> Data segment
○ ○ ○ ○
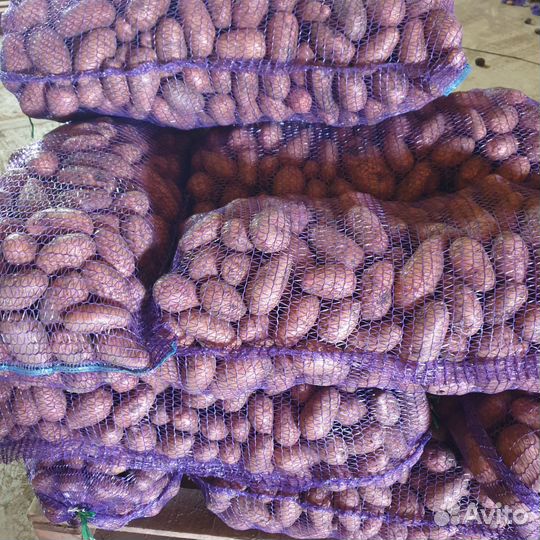 Продам картофель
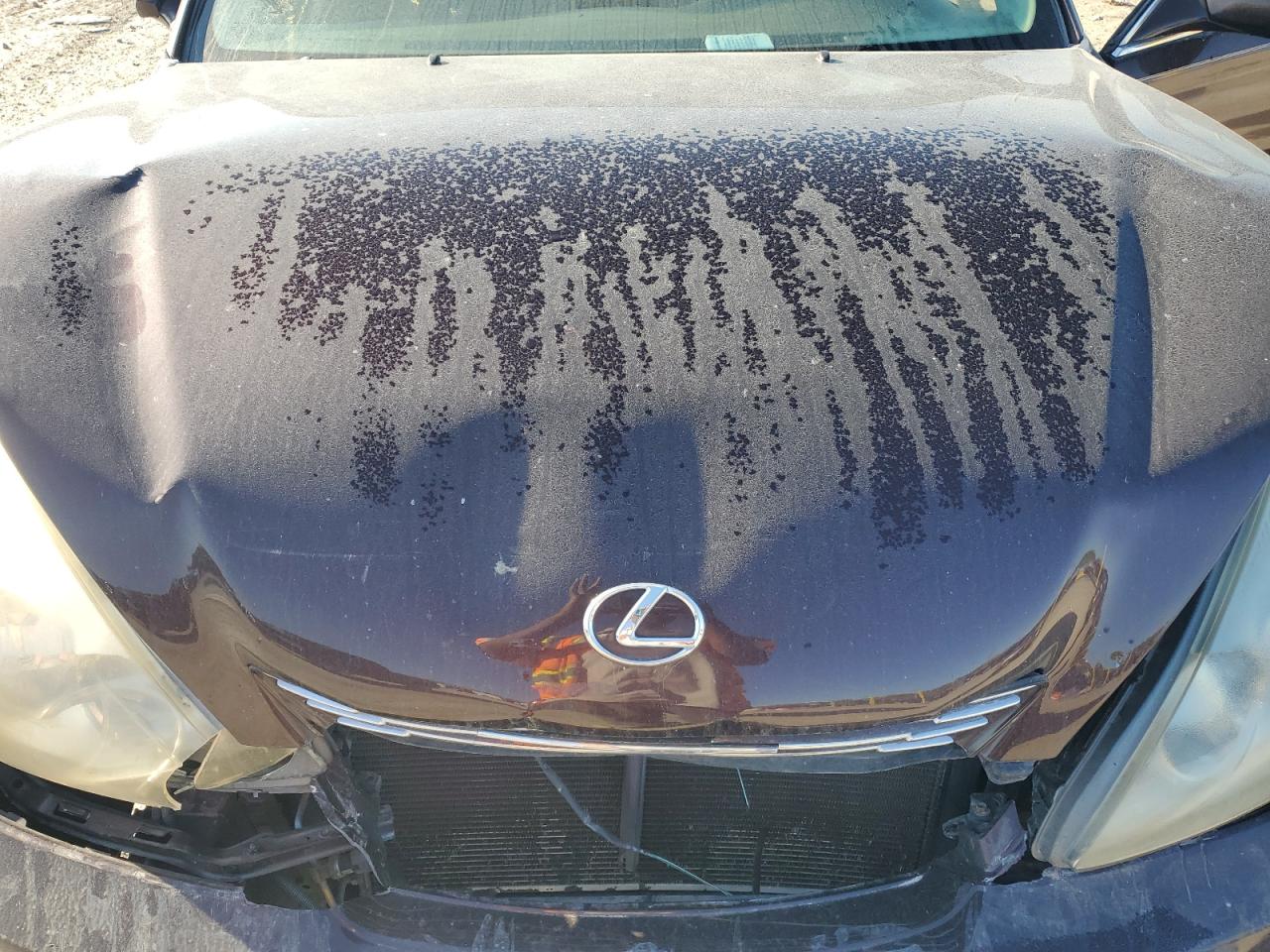 Lot #3269012055 2002 LEXUS ES 300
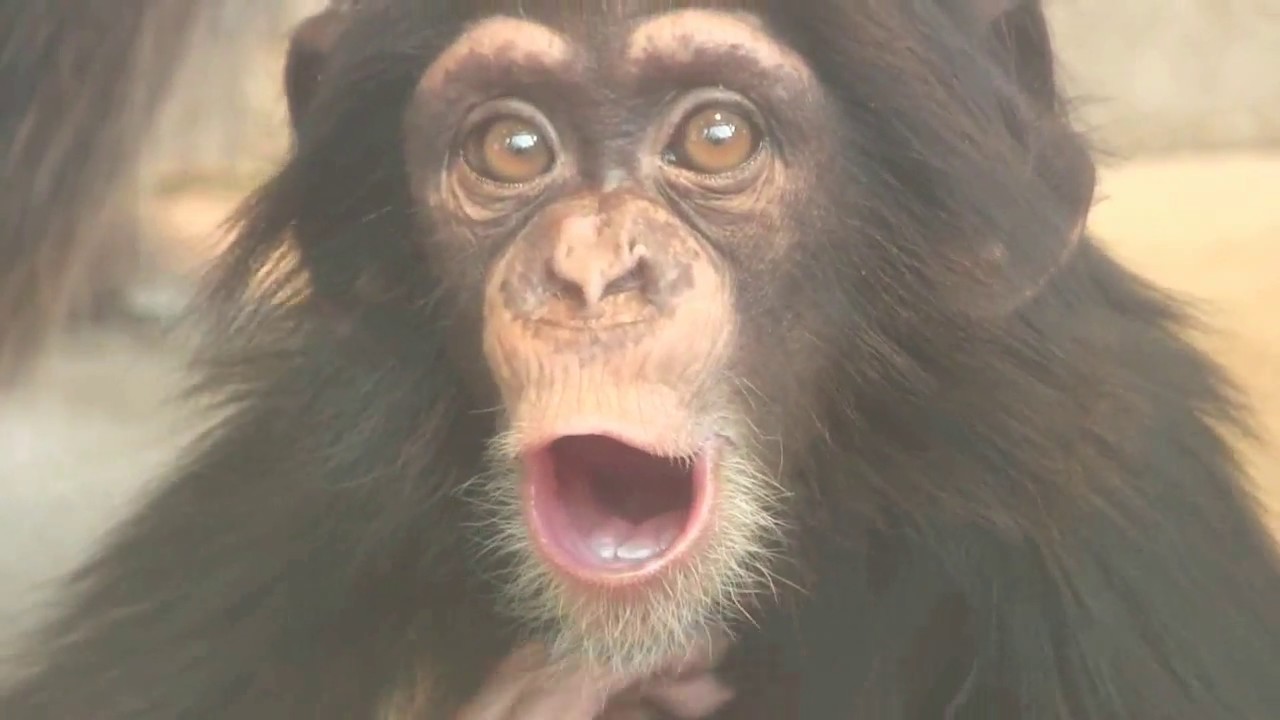 チンパンジー 双子の赤ちゃん 66 Chimpanzee twin baby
○ ○ ○ ○
> Description of the task
Output the material word for word, omitting its pictures.

> Result of the exercise
 Продам картофель
 Lot #3269012055 2002 LEXUS ES 300
 チンパンジー 双子の赤ちゃん 66 Chimpanzee twin baby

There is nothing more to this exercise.